--- Task statement ---
Transcribe all records verbatim.

Records excerpted from a collection
---

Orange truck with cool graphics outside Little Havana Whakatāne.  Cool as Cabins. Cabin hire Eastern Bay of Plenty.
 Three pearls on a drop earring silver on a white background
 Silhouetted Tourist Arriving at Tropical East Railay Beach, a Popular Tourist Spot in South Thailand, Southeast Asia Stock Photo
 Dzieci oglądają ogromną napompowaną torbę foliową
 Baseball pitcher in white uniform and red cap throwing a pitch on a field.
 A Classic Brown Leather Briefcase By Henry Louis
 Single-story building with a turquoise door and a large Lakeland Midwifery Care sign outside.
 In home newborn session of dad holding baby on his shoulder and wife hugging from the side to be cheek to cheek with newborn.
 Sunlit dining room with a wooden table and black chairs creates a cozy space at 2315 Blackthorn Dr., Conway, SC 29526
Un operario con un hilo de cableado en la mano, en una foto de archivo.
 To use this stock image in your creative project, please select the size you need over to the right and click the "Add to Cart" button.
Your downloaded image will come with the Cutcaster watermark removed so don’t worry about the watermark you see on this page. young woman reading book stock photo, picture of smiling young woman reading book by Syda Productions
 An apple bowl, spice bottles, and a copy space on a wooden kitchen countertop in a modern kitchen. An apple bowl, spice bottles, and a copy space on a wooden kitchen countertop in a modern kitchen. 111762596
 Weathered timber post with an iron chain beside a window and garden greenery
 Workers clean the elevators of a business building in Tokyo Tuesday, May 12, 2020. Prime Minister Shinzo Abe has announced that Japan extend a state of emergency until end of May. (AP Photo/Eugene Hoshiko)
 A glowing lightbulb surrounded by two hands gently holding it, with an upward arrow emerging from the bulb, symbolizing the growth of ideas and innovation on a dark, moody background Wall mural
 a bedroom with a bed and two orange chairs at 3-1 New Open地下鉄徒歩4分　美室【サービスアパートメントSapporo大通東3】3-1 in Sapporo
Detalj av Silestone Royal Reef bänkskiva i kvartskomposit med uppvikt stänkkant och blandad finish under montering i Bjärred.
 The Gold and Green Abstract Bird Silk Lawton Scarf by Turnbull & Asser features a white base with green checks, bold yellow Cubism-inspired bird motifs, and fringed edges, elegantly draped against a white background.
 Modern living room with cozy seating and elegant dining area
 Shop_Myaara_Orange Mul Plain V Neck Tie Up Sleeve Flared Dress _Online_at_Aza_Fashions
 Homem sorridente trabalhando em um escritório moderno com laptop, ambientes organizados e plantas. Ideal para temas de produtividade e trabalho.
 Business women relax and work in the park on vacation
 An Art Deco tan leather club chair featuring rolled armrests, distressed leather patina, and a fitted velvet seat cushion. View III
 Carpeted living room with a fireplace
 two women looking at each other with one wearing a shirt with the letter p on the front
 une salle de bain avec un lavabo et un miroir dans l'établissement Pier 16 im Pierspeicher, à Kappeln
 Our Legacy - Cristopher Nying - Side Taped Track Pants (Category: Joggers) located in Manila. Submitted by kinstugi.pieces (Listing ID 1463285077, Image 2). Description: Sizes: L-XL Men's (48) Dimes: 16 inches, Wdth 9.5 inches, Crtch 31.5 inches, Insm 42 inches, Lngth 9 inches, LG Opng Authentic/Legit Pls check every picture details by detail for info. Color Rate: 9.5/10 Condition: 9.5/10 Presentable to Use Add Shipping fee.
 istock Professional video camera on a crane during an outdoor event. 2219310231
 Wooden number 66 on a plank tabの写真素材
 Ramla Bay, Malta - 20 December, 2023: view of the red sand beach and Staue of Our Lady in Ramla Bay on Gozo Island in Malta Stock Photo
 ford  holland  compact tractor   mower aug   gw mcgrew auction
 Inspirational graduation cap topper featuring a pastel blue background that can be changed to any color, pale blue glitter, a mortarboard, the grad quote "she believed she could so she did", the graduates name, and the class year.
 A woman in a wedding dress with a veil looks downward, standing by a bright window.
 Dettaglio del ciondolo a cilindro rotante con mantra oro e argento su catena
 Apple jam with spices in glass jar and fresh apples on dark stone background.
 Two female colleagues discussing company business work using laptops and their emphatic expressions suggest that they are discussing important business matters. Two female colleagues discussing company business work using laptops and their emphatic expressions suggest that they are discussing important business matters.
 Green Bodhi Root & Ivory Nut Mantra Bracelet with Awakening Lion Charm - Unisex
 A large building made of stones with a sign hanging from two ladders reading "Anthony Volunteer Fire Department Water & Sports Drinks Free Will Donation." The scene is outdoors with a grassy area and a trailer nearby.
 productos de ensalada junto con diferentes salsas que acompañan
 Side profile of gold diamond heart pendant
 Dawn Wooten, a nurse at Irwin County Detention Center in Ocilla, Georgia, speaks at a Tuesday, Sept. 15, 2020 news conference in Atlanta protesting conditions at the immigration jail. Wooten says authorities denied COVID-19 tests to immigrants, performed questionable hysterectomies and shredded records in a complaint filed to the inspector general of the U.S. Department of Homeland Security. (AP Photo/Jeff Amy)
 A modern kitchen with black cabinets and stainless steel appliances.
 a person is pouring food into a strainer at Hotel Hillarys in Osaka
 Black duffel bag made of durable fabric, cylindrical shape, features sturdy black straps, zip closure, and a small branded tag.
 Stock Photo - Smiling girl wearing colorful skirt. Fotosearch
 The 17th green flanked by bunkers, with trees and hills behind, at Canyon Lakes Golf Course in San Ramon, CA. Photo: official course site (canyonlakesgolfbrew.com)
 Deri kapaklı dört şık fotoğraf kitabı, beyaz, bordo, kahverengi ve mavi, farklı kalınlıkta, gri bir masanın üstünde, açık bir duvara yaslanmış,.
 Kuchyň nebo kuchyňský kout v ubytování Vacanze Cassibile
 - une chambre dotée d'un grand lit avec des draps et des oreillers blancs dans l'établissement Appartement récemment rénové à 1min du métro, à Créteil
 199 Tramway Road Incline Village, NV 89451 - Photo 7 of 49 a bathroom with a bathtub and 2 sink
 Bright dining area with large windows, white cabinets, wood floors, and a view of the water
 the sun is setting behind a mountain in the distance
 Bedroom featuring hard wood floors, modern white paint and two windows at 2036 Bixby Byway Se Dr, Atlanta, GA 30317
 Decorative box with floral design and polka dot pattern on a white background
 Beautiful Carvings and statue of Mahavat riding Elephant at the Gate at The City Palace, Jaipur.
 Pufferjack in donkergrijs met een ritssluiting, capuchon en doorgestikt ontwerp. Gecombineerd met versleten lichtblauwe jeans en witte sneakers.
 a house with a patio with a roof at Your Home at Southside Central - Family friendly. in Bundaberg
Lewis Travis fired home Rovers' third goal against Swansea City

---

--- Answer area ---
Orange truck with cool graphics outside Little Havana Whakatāne.  Cool as Cabins. Cabin hire Eastern Bay of Plenty.
 Three pearls on a drop earring silver on a white background
 Silhouetted Tourist Arriving at Tropical East Railay Beach, a Popular Tourist Spot in South Thailand, Southeast Asia Stock Photo
 Dzieci oglądają ogromną napompowaną torbę foliową
 Baseball pitcher in white uniform and red cap throwing a pitch on a field.
 A Classic Brown Leather Briefcase By Henry Louis
 Single-story building with a turquoise door and a large Lakeland Midwifery Care sign outside.
 In home newborn session of dad holding baby on his shoulder and wife hugging from the side to be cheek to cheek with newborn.
 Sunlit dining room with a wooden table and black chairs creates a cozy space at 2315 Blackthorn Dr., Conway, SC 29526
Un operario con un hilo de cableado en la mano, en una foto de archivo.
 To use this stock image in your creative project, please select the size you need over to the right and click the "Add to Cart" button.
Your downloaded image will come with the Cutcaster watermark removed so don’t worry about the watermark you see on this page. young woman reading book stock photo, picture of smiling young woman reading book by Syda Productions
 An apple bowl, spice bottles, and a copy space on a wooden kitchen countertop in a modern kitchen. An apple bowl, spice bottles, and a copy space on a wooden kitchen countertop in a modern kitchen. 111762596
 Weathered timber post with an iron chain beside a window and garden greenery
 Workers clean the elevators of a business building in Tokyo Tuesday, May 12, 2020. Prime Minister Shinzo Abe has announced that Japan extend a state of emergency until end of May. (AP Photo/Eugene Hoshiko)
 A glowing lightbulb surrounded by two hands gently holding it, with an upward arrow emerging from the bulb, symbolizing the growth of ideas and innovation on a dark, moody background Wall mural
 a bedroom with a bed and two orange chairs at 3-1 New Open地下鉄徒歩4分　美室【サービスアパートメントSapporo大通東3】3-1 in Sapporo
Detalj av Silestone Royal Reef bänkskiva i kvartskomposit med uppvikt stänkkant och blandad finish under montering i Bjärred.
 The Gold and Green Abstract Bird Silk Lawton Scarf by Turnbull & Asser features a white base with green checks, bold yellow Cubism-inspired bird motifs, and fringed edges, elegantly draped against a white background.
 Modern living room with cozy seating and elegant dining area
 Shop_Myaara_Orange Mul Plain V Neck Tie Up Sleeve Flared Dress _Online_at_Aza_Fashions
 Homem sorridente trabalhando em um escritório moderno com laptop, ambientes organizados e plantas. Ideal para temas de produtividade e trabalho.
 Business women relax and work in the park on vacation
 An Art Deco tan leather club chair featuring rolled armrests, distressed leather patina, and a fitted velvet seat cushion. View III
 Carpeted living room with a fireplace
 two women looking at each other with one wearing a shirt with the letter p on the front
 une salle de bain avec un lavabo et un miroir dans l'établissement Pier 16 im Pierspeicher, à Kappeln
 Our Legacy - Cristopher Nying - Side Taped Track Pants (Category: Joggers) located in Manila. Submitted by kinstugi.pieces (Listing ID 1463285077, Image 2). Description: Sizes: L-XL Men's (48) Dimes: 16 inches, Wdth 9.5 inches, Crtch 31.5 inches, Insm 42 inches, Lngth 9 inches, LG Opng Authentic/Legit Pls check every picture details by detail for info. Color Rate: 9.5/10 Condition: 9.5/10 Presentable to Use Add Shipping fee.
 istock Professional video camera on a crane during an outdoor event. 2219310231
 Wooden number 66 on a plank tabの写真素材
 Ramla Bay, Malta - 20 December, 2023: view of the red sand beach and Staue of Our Lady in Ramla Bay on Gozo Island in Malta Stock Photo
 ford  holland  compact tractor   mower aug   gw mcgrew auction
 Inspirational graduation cap topper featuring a pastel blue background that can be changed to any color, pale blue glitter, a mortarboard, the grad quote "she believed she could so she did", the graduates name, and the class year.
 A woman in a wedding dress with a veil looks downward, standing by a bright window.
 Dettaglio del ciondolo a cilindro rotante con mantra oro e argento su catena
 Apple jam with spices in glass jar and fresh apples on dark stone background.
 Two female colleagues discussing company business work using laptops and their emphatic expressions suggest that they are discussing important business matters. Two female colleagues discussing company business work using laptops and their emphatic expressions suggest that they are discussing important business matters.
 Green Bodhi Root & Ivory Nut Mantra Bracelet with Awakening Lion Charm - Unisex
 A large building made of stones with a sign hanging from two ladders reading "Anthony Volunteer Fire Department Water & Sports Drinks Free Will Donation." The scene is outdoors with a grassy area and a trailer nearby.
 productos de ensalada junto con diferentes salsas que acompañan
 Side profile of gold diamond heart pendant
 Dawn Wooten, a nurse at Irwin County Detention Center in Ocilla, Georgia, speaks at a Tuesday, Sept. 15, 2020 news conference in Atlanta protesting conditions at the immigration jail. Wooten says authorities denied COVID-19 tests to immigrants, performed questionable hysterectomies and shredded records in a complaint filed to the inspector general of the U.S. Department of Homeland Security. (AP Photo/Jeff Amy)
 A modern kitchen with black cabinets and stainless steel appliances.
 a person is pouring food into a strainer at Hotel Hillarys in Osaka
 Black duffel bag made of durable fabric, cylindrical shape, features sturdy black straps, zip closure, and a small branded tag.
 Stock Photo - Smiling girl wearing colorful skirt. Fotosearch
 The 17th green flanked by bunkers, with trees and hills behind, at Canyon Lakes Golf Course in San Ramon, CA. Photo: official course site (canyonlakesgolfbrew.com)
 Deri kapaklı dört şık fotoğraf kitabı, beyaz, bordo, kahverengi ve mavi, farklı kalınlıkta, gri bir masanın üstünde, açık bir duvara yaslanmış,.
 Kuchyň nebo kuchyňský kout v ubytování Vacanze Cassibile
 - une chambre dotée d'un grand lit avec des draps et des oreillers blancs dans l'établissement Appartement récemment rénové à 1min du métro, à Créteil
 199 Tramway Road Incline Village, NV 89451 - Photo 7 of 49 a bathroom with a bathtub and 2 sink
 Bright dining area with large windows, white cabinets, wood floors, and a view of the water
 the sun is setting behind a mountain in the distance
 Bedroom featuring hard wood floors, modern white paint and two windows at 2036 Bixby Byway Se Dr, Atlanta, GA 30317
 Decorative box with floral design and polka dot pattern on a white background
 Beautiful Carvings and statue of Mahavat riding Elephant at the Gate at The City Palace, Jaipur.
 Pufferjack in donkergrijs met een ritssluiting, capuchon en doorgestikt ontwerp. Gecombineerd met versleten lichtblauwe jeans en witte sneakers.
 a house with a patio with a roof at Your Home at Southside Central - Family friendly. in Bundaberg
Lewis Travis fired home Rovers' third goal against Swansea City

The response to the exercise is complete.